Polizeikommissar Ralf König ist seit Jahrzehnten sogenannten Autocrashern auf der Spur und gibt sein Wissen über die Methoden von Einzeltätern und Banden in Schulungen und Tagungen an seine Kollegen bundesweit und an Schadensabwickler der Versicherungen in Deutschland und Österreich weiter. Da jeder Unfall zunächst einmal als Einzelfall wahrgenommen wird, fällt eine Häufung von Auffälligkeiten bei Blechschäden so schnell nicht auf. Daher hält es König für besonders wichtig, seine Kollegen zu sensibilisieren, damit sie bei der Unfallaufnahme die richtigen Schlüsse ziehen und falls nötig Verdacht schöpfen. Und dieser Verdacht erhärtet sich oft beim Blick in die Akten.

Provozierte und
fingierte Unfälle

„Wir unterscheiden zwischen den provozierten und den fingierten Unfällen“, sagt Ralf König. Nimmt man die Fälle hinzu, bei denen die Reparaturen bewusst falsch abgerechnet werden, machen sie insgesamt rund zehn Prozent aller Versicherungsfälle aus und richten einen immensen Schaden an. Bei den fingierten Unfällen arbeiten oft Netzwerke zusammen, die nur bei der Analyse einer Reihe von Fällen sichtbar werden, wenn immer wieder die gleichen Namen auftauchen.
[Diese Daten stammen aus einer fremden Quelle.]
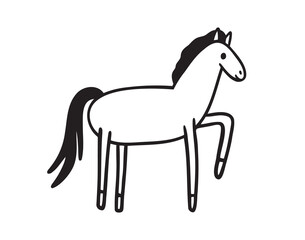Cute horse for kids doodle hand drawn icon. Outline drawing horse line clipart symbol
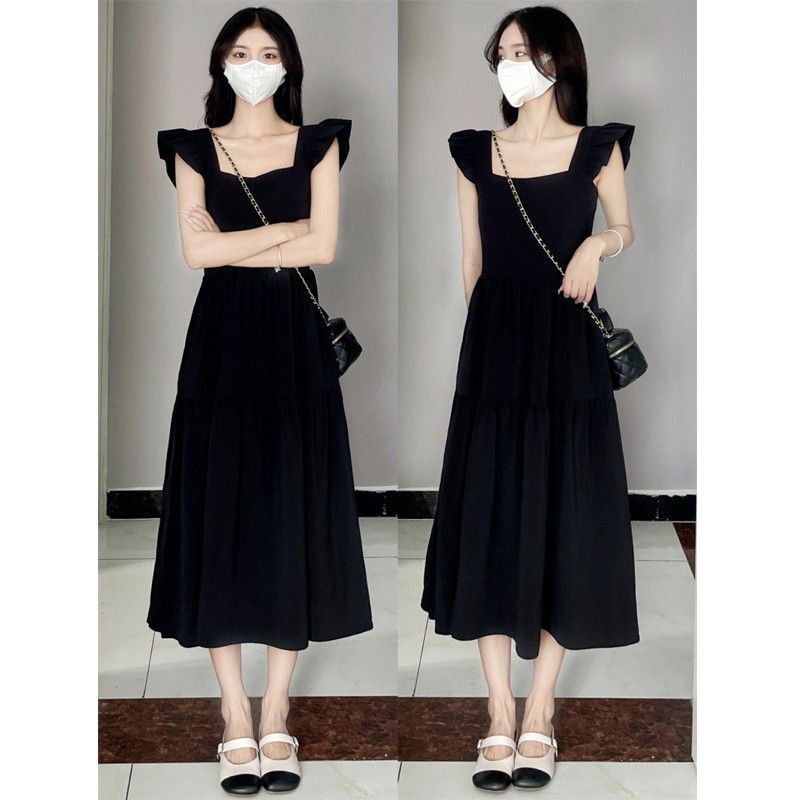 法式小飞袖a字连衣裙女夏季小个子收腰显瘦气质赫本风方领小黑裙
König nennt als Beispiel einen Fall, bei dem ein Fahrer mit seinem Fahrzeug einen geparkten Porsche seitlich beschädigt hat. „So etwas passiert in Barmen um 3 Uhr nachts, wenn es keine weiteren Zeugen gibt. Verdächtig ist das Unfallbild. Es gibt da nicht die eine Stelle, an der das Auto gerammt wird, sondern der Fahrer ist praktisch vom Heck bis zur Vordertür durch das Auto gefahren. Das ist untypisch, denn wenn es kracht, dann sorgt das für Adrenalin und man steigt auf die Bremse.“ Bei dem beschädigten Fahrzeug handelt es sich um einen Porsche, an dem das Pech zu kleben scheint. Wie ein Studium der Akten belegt, wurde das Traumauto („das ist für die Täter kein Liebhaberstück“) in wenigen Monaten fünfmal gerammt. Bei geschätzten Reparaturkosten von 3000 bis 4000 Euro pro Crash forderten die Betrüger rund 100 000 Euro über die Versicherung ein.

Zu Beginn der 1990er Jahre gehörte Ralf König einer Ermittlungskommission der Polizeibehörde Wuppertal an, die speziell auf provozierte oder fingierte Unfälle angesetzt war. Mit Erfolg, denn es sprach sich in der „Autobumser-Szene“ herum. Das ließ die Unfallzahlen im Bereich der Polizeibehörde bis 1994 von 25 000 auf 20 000 sinken. Inzwischen ist König Einzelkämpfer, aber dafür gibt er sein Wissen an die Wuppertaler Polizisten weiter, die auf Streife zuweilen Menschen vorfinden, die sich am Unfallort als vermeintliche Opfer inszenieren.

„Die Täter gehen bei provozierten Unfällen oft sehr skrupellos vor, riskieren die Gesundheit aller Beteiligten. Neben dem finanziellen Schaden trifft es die eigentlichen Opfer hart, denn deren Versicherung stuft sie hoch, eventuell gibt es Punkte in Flensburg und die Fahrerlaubnis ist weg“, sagt Ralf König. Hinzu komme der Frust, betrogen worden zu sein. Und auch wenn die Aktenlage mit einer Häufung solcher Fälle einen Verdacht nahe lege, müsse den Tätern jeder einzelne Fall mit Indizien oder Zeugenaussagen nachgewiesen werden.

2001 hat Ralf König das Buch „Manipulierte Verkehrsunfälle: Leitfaden für die polizeiliche Praxis“ geschrieben. Die Methoden der Täter haben sich seitdem in Details verändert, das Prinzip ist gleich geblieben. Auf Kosten der Allgemeinheit werden Versicherungen abgezockt, was sich auf lange Sicht in höheren Beiträgen für alle Versicherten niederschlägt. Der Schaden soll sich pro Jahr auf 1,3 Milliarden Euro belaufen.